Work item
The answer should hold only the lines from the one containing "5 CORE Ethernet" through the one containing "Afeitadora de cabeza" in the entries below, copied exactly, without pictures.

Data section

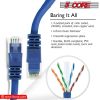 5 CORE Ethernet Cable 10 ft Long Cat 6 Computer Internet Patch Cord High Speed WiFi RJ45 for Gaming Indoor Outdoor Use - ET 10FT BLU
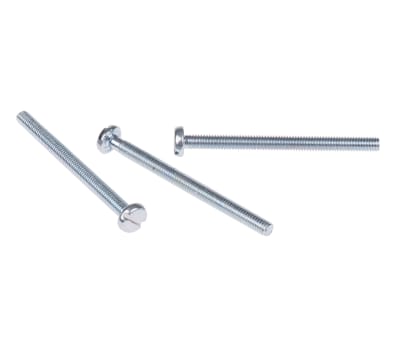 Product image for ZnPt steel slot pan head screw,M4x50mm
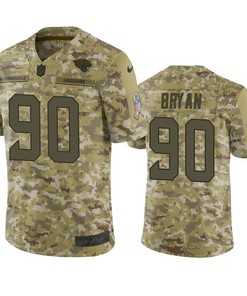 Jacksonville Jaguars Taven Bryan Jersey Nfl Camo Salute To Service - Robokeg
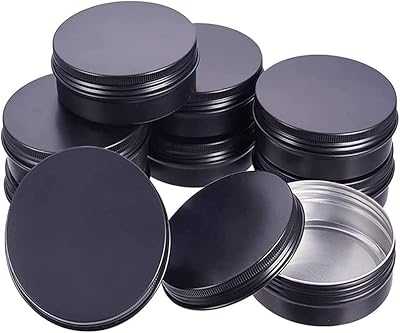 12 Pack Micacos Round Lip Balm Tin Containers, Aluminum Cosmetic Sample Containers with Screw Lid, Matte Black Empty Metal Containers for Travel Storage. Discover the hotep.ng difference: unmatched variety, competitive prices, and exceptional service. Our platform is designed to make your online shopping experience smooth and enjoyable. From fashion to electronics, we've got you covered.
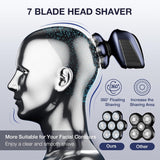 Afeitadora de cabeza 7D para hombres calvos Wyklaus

==

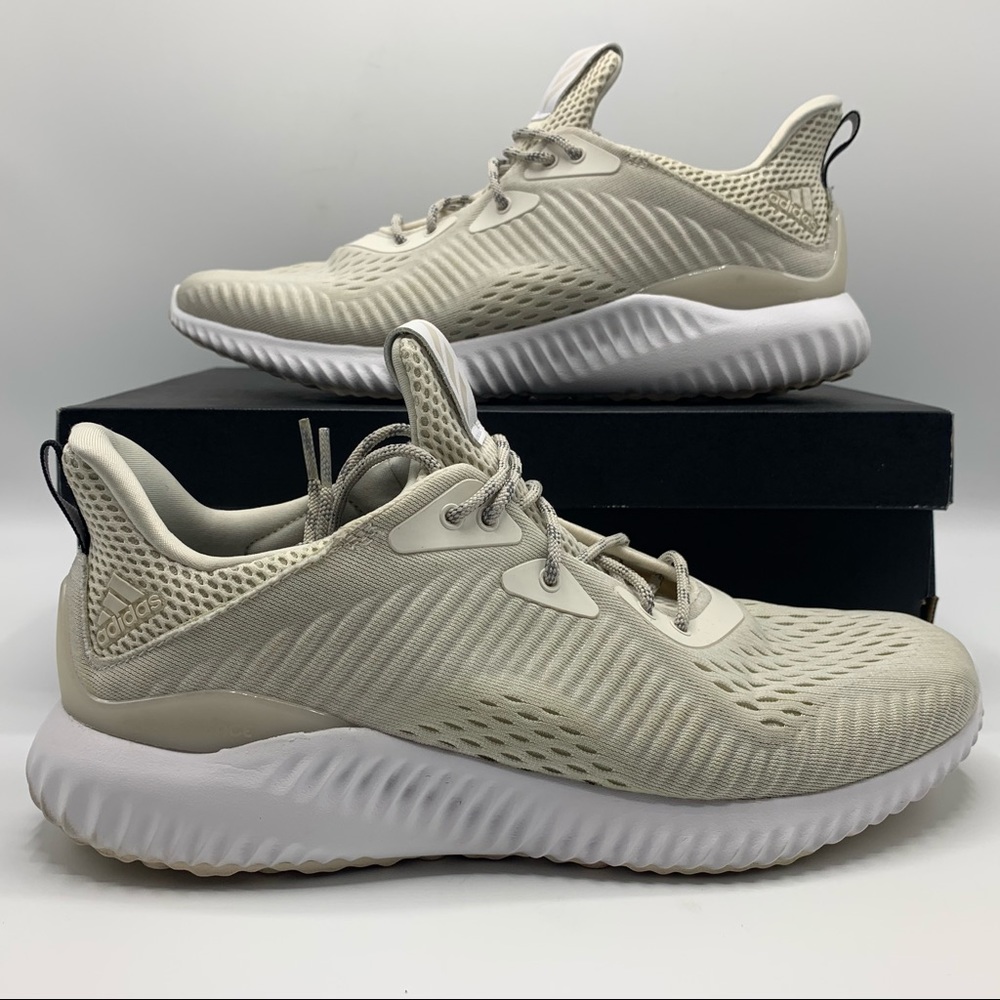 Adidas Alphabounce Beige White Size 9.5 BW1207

Response area
 5 CORE Ethernet Cable 10 ft Long Cat 6 Computer Internet Patch Cord High Speed WiFi RJ45 for Gaming Indoor Outdoor Use - ET 10FT BLU
 Product image for ZnPt steel slot pan head screw,M4x50mm
 Jacksonville Jaguars Taven Bryan Jersey Nfl Camo Salute To Service - Robokeg
 12 Pack Micacos Round Lip Balm Tin Containers, Aluminum Cosmetic Sample Containers with Screw Lid, Matte Black Empty Metal Containers for Travel Storage. Discover the hotep.ng difference: unmatched variety, competitive prices, and exceptional service. Our platform is designed to make your online shopping experience smooth and enjoyable. From fashion to electronics, we've got you covered.
 Afeitadora de cabeza 7D para hombres calvos Wyklaus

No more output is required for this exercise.